Literature following a predictable form

Illustration of the hero's journey

In popular culture, formula fiction is literature in which the storylines and plots have been reused to the extent that the narratives are predictable. It is similar to genre fiction, which identifies a number of specific settings that are frequently reused. The label of formula fiction is used in literary criticism as a mild pejorative to imply lack of originality.

==Varieties==
The formula is defined specifically by predictable narrative structure. Formulaic tales incorporate plots that have been reused so often as to be easily recognizable. Perhaps the most clearly formulaic plots characterize the romantic comedy genre; in a book or film labeled as such, viewers already know its most basic central plot, including to some extent the ending. This does not always prove to be detrimental to a given work's reception however, as the popularity of the aforementioned genre demonstrates.

Formula fiction is often stereotypically associated with early pulp magazine markets, though some works published in that medium, such as "The Cold Equations", subvert the supposed expectations of the common narrative formula of that time.

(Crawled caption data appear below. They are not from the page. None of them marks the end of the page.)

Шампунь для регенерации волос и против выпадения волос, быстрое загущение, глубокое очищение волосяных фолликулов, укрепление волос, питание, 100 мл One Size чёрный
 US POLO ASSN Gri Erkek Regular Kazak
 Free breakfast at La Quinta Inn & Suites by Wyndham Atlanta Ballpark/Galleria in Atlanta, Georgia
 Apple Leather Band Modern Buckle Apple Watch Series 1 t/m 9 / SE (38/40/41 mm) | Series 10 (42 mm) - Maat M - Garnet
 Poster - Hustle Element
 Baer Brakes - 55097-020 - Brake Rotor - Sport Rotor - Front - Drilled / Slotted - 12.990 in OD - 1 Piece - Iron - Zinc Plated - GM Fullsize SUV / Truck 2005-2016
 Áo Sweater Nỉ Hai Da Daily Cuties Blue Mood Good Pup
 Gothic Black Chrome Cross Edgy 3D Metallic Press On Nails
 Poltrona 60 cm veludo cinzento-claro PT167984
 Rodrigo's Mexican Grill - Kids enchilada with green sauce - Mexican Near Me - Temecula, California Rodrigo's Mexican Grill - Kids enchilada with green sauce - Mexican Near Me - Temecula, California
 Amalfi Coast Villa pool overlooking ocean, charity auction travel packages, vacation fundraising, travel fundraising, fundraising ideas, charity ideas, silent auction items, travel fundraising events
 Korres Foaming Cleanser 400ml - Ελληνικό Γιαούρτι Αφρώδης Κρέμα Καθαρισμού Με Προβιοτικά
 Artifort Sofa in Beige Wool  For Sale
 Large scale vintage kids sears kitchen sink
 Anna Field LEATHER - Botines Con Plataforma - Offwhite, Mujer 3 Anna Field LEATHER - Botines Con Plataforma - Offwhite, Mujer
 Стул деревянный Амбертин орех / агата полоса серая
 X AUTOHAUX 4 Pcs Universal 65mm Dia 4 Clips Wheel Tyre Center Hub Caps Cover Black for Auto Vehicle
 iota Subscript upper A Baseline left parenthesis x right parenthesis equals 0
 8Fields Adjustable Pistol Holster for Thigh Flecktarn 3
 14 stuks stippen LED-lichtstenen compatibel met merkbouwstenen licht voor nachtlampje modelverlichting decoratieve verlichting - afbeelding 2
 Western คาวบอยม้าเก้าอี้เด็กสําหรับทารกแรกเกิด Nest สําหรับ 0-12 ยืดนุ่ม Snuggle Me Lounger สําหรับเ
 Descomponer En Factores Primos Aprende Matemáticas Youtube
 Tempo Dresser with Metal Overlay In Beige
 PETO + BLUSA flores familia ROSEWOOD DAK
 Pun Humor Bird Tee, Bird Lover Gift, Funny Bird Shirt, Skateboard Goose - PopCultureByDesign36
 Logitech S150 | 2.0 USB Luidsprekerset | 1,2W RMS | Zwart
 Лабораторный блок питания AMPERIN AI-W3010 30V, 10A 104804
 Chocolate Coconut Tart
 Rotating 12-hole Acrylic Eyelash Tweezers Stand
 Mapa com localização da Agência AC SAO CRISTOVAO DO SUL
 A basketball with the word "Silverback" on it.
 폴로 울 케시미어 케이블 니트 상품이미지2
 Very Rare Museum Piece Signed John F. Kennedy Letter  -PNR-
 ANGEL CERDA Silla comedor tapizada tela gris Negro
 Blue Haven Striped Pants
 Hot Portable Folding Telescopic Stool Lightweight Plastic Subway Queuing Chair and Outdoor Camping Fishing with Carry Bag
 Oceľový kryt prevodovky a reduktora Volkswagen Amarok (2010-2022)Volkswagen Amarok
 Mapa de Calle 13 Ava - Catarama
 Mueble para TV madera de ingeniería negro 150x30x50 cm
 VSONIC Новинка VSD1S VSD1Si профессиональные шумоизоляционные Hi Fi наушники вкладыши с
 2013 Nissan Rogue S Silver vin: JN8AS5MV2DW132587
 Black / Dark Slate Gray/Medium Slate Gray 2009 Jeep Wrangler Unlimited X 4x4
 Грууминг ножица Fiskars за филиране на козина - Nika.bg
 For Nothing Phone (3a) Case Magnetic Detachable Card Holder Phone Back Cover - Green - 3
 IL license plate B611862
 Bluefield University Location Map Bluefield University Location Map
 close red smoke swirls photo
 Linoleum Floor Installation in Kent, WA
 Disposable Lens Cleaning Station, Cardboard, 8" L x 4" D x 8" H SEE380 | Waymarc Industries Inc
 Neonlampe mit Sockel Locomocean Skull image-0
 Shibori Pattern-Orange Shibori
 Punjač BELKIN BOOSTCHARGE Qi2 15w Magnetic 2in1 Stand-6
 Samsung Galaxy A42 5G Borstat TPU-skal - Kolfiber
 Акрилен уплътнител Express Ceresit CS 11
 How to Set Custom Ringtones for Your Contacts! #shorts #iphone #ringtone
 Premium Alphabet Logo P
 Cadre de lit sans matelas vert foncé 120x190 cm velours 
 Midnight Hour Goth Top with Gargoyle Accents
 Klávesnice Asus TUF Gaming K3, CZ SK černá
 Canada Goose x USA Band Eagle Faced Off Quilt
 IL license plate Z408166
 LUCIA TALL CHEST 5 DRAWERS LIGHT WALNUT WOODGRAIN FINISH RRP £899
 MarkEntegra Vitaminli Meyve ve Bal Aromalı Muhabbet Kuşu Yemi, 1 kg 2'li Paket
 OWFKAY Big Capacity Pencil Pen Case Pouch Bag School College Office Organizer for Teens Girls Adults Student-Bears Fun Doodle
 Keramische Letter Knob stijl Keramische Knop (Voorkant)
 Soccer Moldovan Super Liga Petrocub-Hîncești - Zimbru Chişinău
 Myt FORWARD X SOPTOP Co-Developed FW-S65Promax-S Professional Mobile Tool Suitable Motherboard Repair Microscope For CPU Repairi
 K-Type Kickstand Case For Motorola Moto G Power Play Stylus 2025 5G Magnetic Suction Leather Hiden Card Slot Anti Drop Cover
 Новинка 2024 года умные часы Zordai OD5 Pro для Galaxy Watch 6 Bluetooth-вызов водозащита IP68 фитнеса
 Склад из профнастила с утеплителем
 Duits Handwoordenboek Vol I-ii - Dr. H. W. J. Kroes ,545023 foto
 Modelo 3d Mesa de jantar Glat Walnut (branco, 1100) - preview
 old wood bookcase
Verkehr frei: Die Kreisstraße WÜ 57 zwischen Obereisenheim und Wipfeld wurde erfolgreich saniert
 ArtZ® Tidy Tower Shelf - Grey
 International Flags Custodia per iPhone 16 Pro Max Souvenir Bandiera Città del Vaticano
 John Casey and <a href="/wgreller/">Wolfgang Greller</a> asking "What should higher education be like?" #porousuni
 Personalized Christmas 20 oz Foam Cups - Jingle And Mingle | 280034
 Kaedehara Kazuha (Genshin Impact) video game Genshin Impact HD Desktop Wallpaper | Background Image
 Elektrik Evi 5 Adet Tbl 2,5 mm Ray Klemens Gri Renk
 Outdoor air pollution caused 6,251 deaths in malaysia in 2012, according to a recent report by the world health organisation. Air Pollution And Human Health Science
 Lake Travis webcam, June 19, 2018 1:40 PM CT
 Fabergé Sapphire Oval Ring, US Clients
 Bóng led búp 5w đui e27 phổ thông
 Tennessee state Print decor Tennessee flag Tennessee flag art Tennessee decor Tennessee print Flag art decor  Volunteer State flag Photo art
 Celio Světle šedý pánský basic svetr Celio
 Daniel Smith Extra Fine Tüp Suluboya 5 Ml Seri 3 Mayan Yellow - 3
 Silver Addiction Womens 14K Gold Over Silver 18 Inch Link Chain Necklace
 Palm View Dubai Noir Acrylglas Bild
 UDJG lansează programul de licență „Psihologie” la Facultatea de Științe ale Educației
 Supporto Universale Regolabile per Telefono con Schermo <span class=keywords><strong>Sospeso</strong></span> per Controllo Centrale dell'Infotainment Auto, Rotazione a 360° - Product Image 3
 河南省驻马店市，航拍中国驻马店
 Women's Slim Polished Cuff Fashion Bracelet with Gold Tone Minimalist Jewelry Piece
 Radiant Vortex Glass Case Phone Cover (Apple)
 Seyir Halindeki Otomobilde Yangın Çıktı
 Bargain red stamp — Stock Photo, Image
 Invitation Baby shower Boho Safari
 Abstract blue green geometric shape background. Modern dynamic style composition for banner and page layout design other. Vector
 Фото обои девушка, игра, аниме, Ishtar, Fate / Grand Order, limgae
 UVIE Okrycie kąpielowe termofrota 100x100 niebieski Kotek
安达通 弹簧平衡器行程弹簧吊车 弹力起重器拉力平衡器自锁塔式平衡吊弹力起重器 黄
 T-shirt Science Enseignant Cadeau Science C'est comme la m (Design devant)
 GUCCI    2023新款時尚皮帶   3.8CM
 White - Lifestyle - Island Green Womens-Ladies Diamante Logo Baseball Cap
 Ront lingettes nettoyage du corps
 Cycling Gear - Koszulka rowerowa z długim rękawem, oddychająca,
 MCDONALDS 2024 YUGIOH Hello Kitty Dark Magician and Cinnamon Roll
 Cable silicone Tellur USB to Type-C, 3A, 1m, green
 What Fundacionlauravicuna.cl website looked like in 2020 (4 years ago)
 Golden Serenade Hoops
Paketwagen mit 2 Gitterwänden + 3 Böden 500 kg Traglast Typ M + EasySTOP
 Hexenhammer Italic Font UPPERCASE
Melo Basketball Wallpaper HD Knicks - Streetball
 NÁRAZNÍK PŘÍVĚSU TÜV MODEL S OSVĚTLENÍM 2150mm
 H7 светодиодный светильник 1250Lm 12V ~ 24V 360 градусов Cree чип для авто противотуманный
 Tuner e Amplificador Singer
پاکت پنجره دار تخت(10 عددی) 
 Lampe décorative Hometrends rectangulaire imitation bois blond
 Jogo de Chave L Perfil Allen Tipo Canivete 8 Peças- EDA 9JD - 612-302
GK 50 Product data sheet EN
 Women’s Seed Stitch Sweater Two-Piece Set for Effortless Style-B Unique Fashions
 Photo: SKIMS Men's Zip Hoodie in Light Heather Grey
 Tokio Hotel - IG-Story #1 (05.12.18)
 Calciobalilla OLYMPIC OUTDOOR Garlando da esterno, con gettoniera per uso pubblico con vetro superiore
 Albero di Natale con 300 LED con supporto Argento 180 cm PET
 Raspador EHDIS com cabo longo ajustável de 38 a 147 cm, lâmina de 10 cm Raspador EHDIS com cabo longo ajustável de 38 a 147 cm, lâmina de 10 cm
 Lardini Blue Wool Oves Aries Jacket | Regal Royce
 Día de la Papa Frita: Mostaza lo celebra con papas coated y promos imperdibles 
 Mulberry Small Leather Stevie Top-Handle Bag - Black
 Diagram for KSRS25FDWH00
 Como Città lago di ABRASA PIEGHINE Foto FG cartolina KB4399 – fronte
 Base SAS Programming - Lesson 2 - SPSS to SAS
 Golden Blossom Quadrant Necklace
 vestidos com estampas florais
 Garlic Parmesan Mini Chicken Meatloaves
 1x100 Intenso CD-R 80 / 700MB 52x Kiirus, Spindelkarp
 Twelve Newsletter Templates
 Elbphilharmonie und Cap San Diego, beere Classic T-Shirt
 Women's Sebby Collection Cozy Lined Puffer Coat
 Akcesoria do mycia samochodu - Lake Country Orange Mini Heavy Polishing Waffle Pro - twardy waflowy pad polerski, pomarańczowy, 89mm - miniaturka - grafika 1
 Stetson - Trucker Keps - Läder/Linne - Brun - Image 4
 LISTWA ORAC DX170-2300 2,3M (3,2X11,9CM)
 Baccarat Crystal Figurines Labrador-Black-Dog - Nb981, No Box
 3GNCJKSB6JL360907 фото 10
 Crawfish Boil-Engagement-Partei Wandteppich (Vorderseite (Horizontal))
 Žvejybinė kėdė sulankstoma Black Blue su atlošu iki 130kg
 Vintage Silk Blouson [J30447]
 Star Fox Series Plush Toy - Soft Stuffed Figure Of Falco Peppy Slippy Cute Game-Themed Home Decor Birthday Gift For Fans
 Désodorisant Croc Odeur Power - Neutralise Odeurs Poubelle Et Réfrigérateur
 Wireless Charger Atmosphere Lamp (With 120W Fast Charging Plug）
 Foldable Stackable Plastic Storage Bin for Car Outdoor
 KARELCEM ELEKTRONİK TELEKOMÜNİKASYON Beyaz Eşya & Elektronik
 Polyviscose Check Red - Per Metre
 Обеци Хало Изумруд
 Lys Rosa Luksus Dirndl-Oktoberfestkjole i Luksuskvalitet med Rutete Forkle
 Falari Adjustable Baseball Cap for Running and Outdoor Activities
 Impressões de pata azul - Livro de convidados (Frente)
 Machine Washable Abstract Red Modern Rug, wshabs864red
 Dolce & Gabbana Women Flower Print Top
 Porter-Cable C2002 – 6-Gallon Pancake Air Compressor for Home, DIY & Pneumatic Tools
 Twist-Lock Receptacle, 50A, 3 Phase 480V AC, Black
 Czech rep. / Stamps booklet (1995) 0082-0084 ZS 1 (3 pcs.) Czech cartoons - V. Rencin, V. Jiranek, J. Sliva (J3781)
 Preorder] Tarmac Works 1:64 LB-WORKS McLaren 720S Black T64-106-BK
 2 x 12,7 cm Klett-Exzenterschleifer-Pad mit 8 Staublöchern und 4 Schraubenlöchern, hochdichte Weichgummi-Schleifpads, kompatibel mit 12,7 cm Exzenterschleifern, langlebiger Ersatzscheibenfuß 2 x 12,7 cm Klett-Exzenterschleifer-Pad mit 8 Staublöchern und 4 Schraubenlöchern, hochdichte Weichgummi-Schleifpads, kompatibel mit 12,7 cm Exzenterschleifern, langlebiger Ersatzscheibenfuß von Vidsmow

==Distinct from genre conventions==
The formula is limited to structure of the plot itself. It does not include conventional, stereotypical elements of the genre used for the story background.
Genres like high fantasy, westerns, and space opera (an adventure story in a science fiction setting) often have specific settings, such as a pseudo-Medieval European setting, the Old West, or outer space.

For any given genre, certain assumed background information covers the nature and purpose of predictable elements of the story, such as the appearance of dragons and wizards in high fantasy, warp drives and rayguns in science fiction, or shootouts at high noon in Westerns. These are taken as conventional in the genre and do not need to be explained anew to the reader, they may be included implicitly as part of the genre's formula, but they do not constitute the plot structure that makes a story formulaic.

Note however that stereotypical elements can also easily be treated subversively, to contradict some of the expectations inherent in the genre's formula.

==Distinct from pastiche fiction==
Formula fiction should not be confused with pastiche: Fiction mimicking another work or author's style.
Comedy as a whole – including parody, satire, and subgenres such as romantic comedy – often relies on either formulaic elements, or mocking contradiction of such elements.

Though pastiche may naturally include formulaic elements, the same holds true of parody and satire. All may well include formulaic elements such as common stereotypes or caricatures, or which may use formulaic elements in order to mock them or point out their supposedly cliché or unrealistic natures.